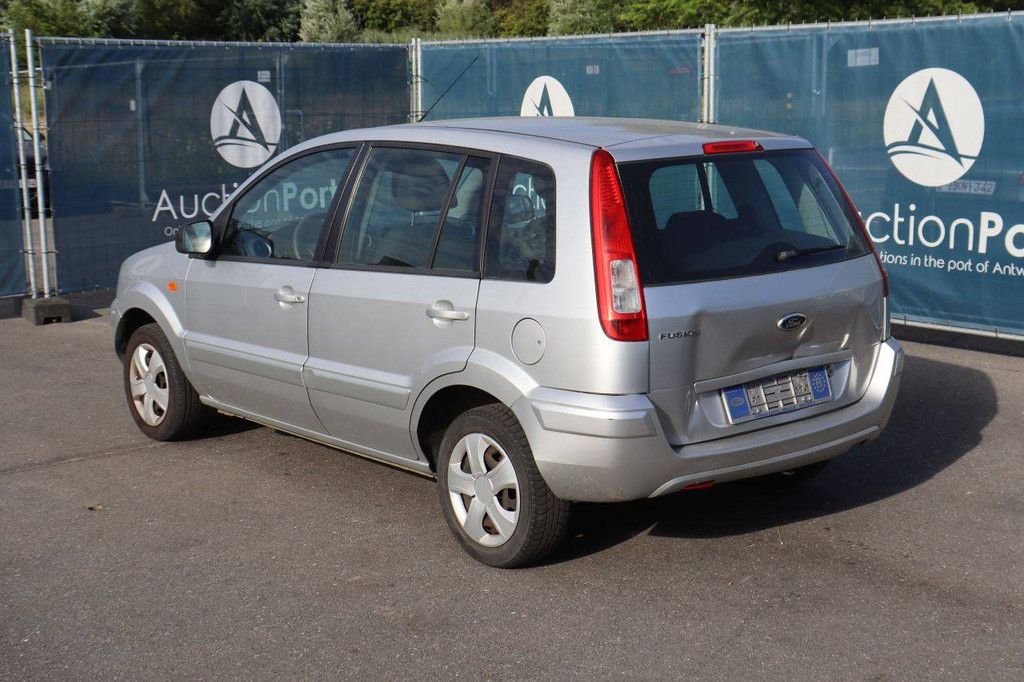 Pkw Ford Fusion Benzin 80 PS 2010 (Margin)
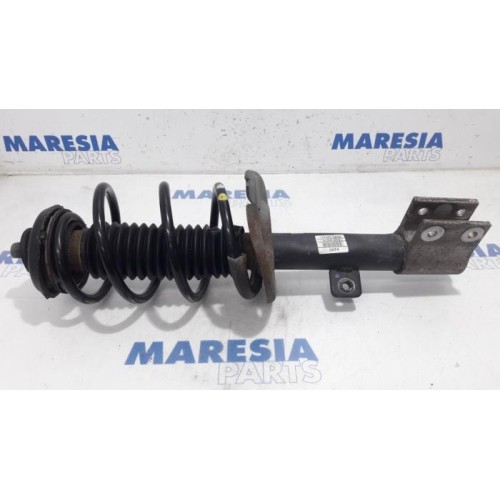 Peugeot - 308 - Front shock absorber rod, right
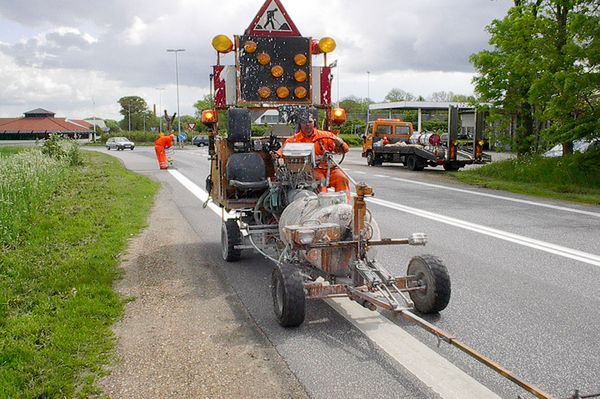 Tinta para marcação rodoviária de secagem rápida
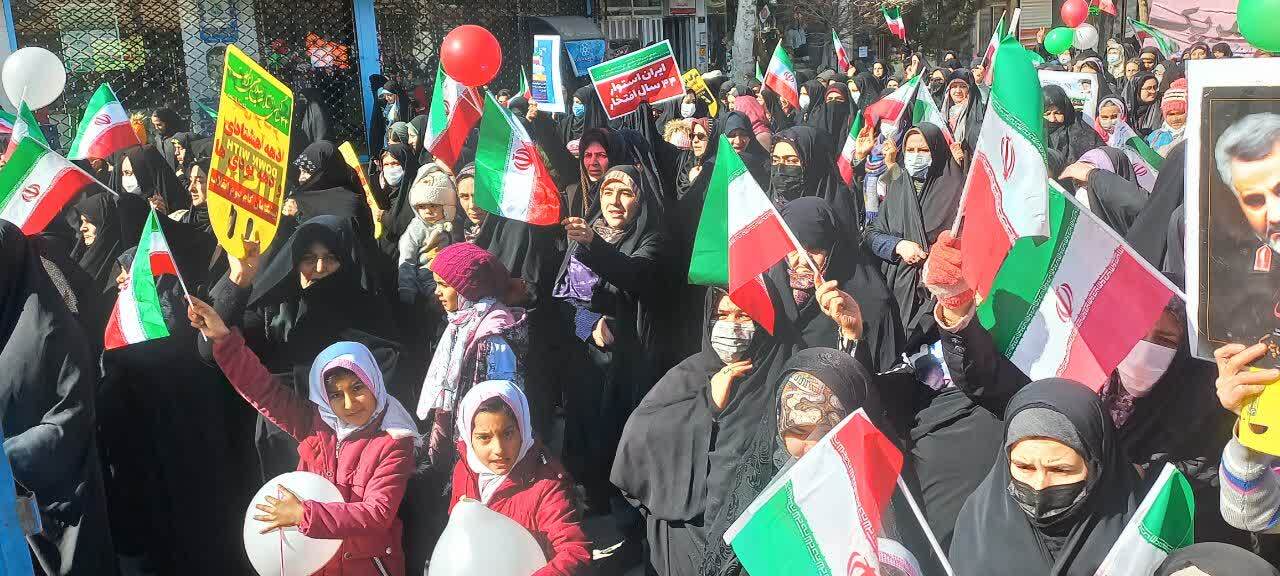 نمایش شکوه پیروزی در استان مرکزی/ همه آمده اند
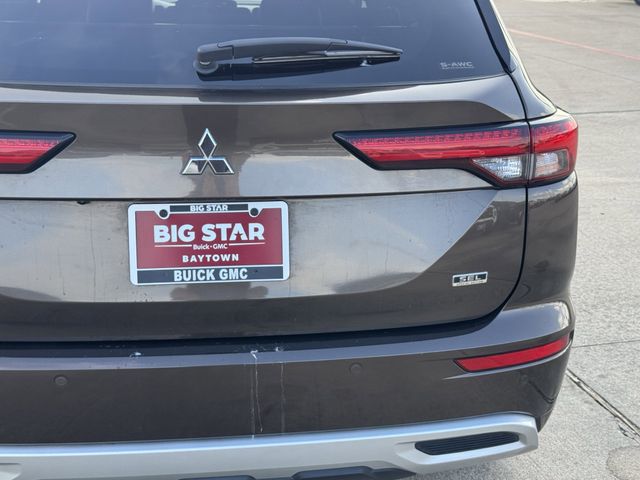 2022 Mitsubishi Outlander SEL Brown at North Houston Mitsubishi
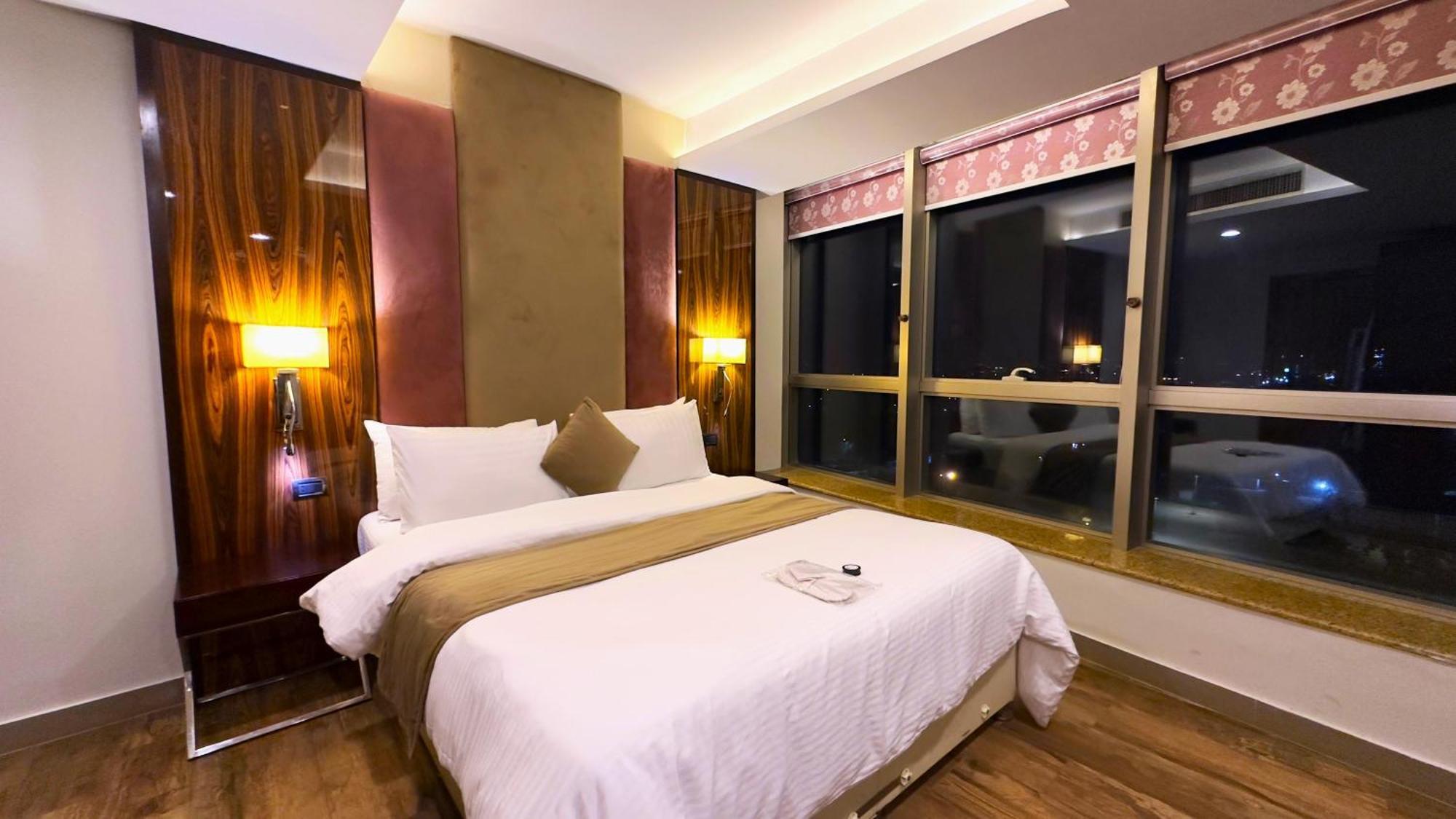 Centaurus Apartments Исламабад Экстерьер фото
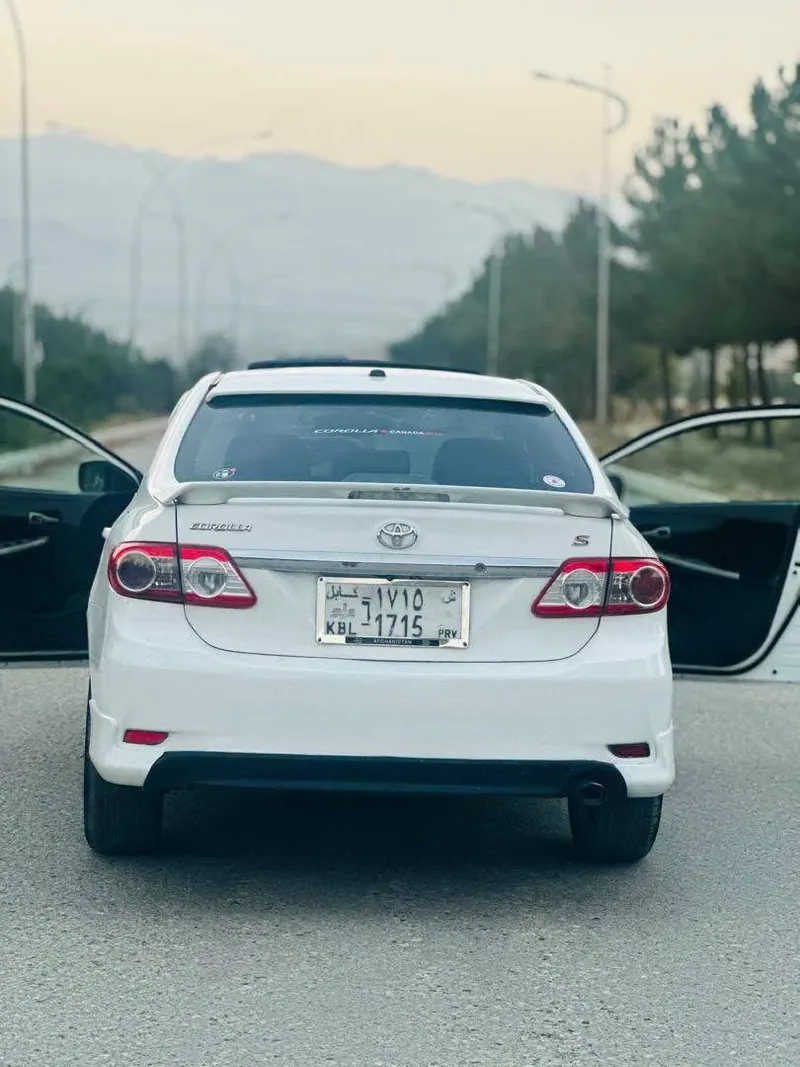 Toyota Corolla 2010 (3)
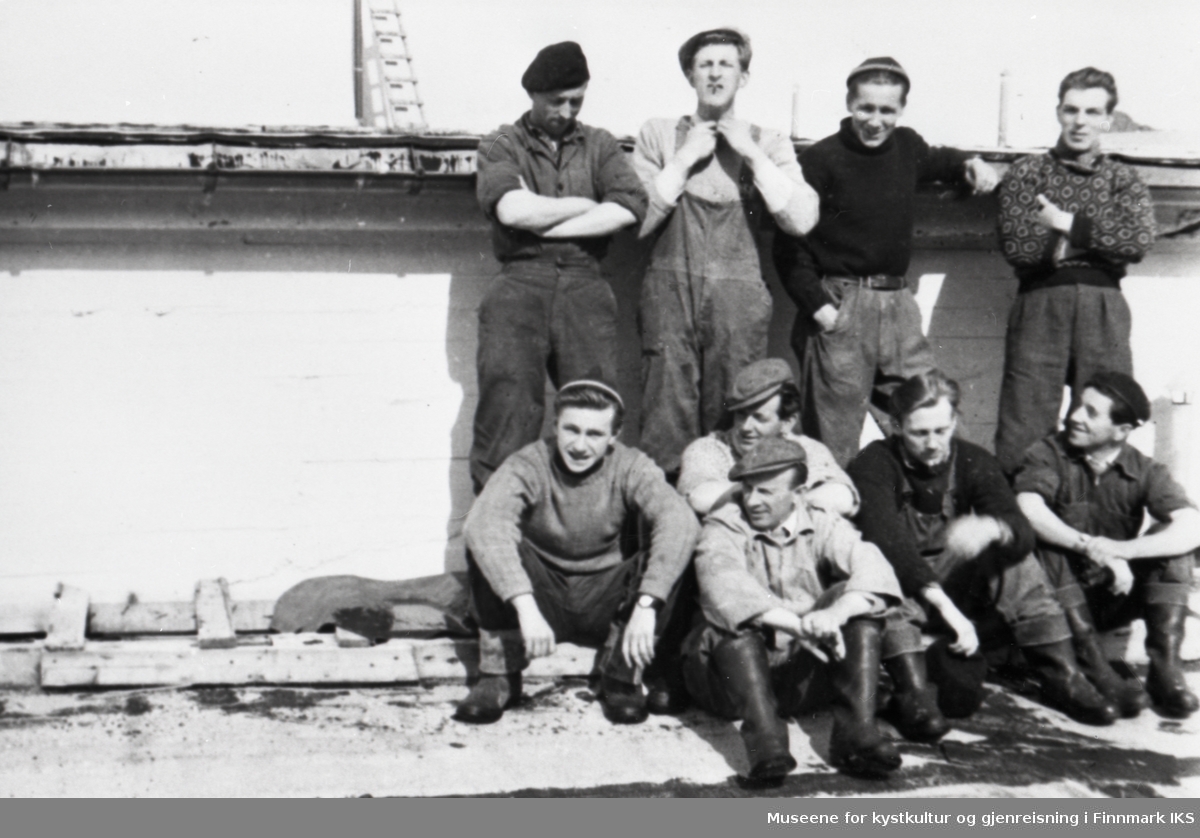 Honningsvåg, Storbukt. Den første arbeidsstokken av mannlige arbeider på FINOTRO (Finnmark & Nordtroms Fiskeindustri), fotografert på kaia utenfor fabrikken. 1953.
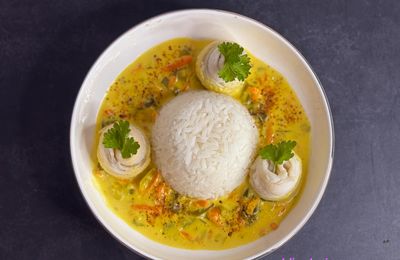 Roulades de filets de sole limande aux petits légumes et au safran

=====

Transcribe, from the material above, the stretch starting at the line with "نمایش شکوه پیروزی" and ending at the line with "Toyota Corolla 2010 (3)", both included, exactly. Do not carry over pictures.

 نمایش شکوه پیروزی در استان مرکزی/ همه آمده اند
 2022 Mitsubishi Outlander SEL Brown at North Houston Mitsubishi
 Centaurus Apartments Исламабад Экстерьер фото
 Toyota Corolla 2010 (3)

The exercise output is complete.